STORED DATA.
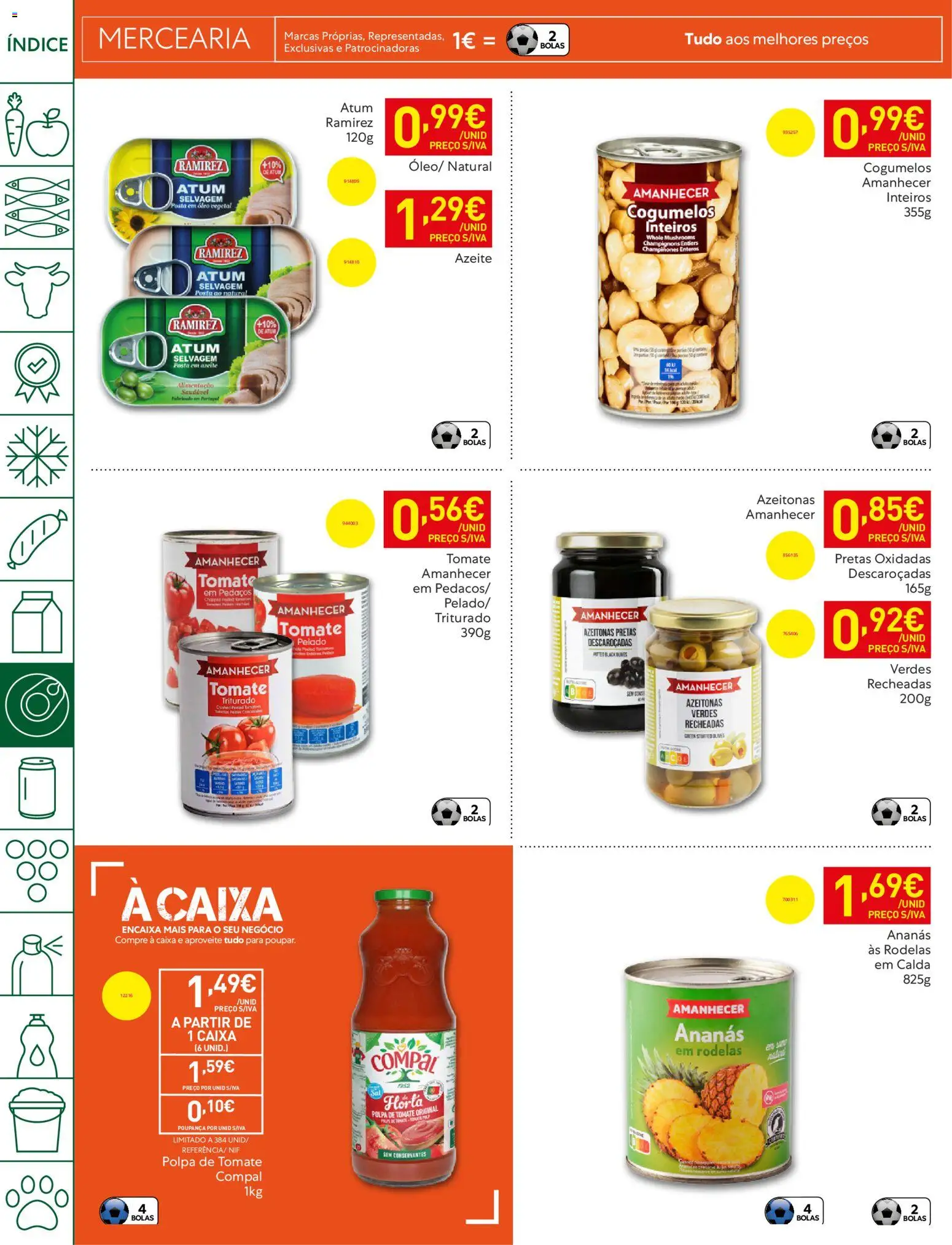 Recheio folheto Madeira │ válido de 05.05.2026 | Página: 22 | Produtos: Atum, Azeitonas, Caixa, Tomate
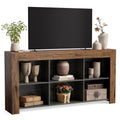 Modern TV Stand with Storage Shelves for TVs Up to 65 Inches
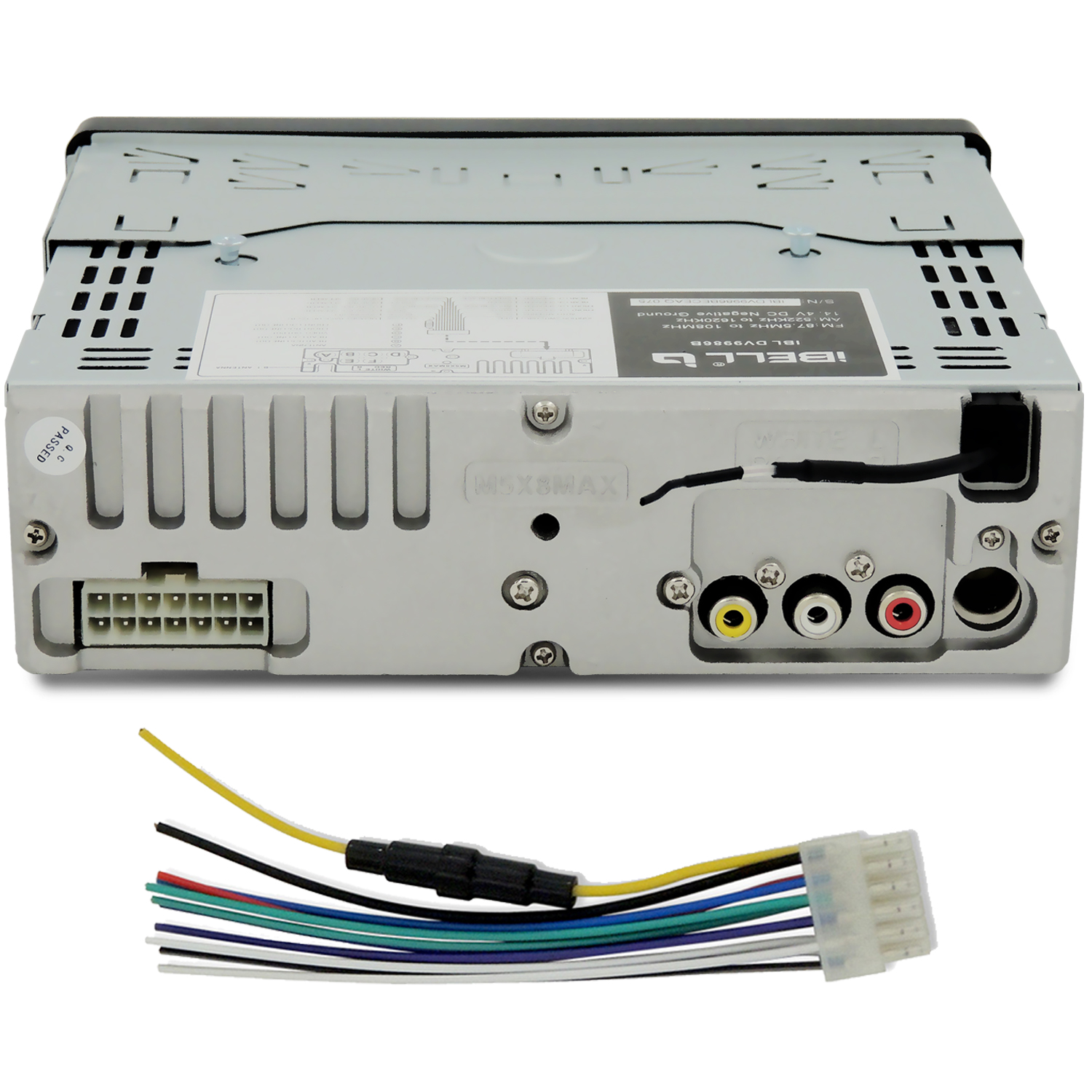 Ibell 9986b car dvd player audio system compatible with dvd cd usb sd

PROBLEM STATEMENT.
Take the lines from the one that contains "Modern TV Stand" through the last line of the material above and reproduce them exactly, leaving out any pictures.

EXERCISE OUTPUT.
 Modern TV Stand with Storage Shelves for TVs Up to 65 Inches
 Ibell 9986b car dvd player audio system compatible with dvd cd usb sd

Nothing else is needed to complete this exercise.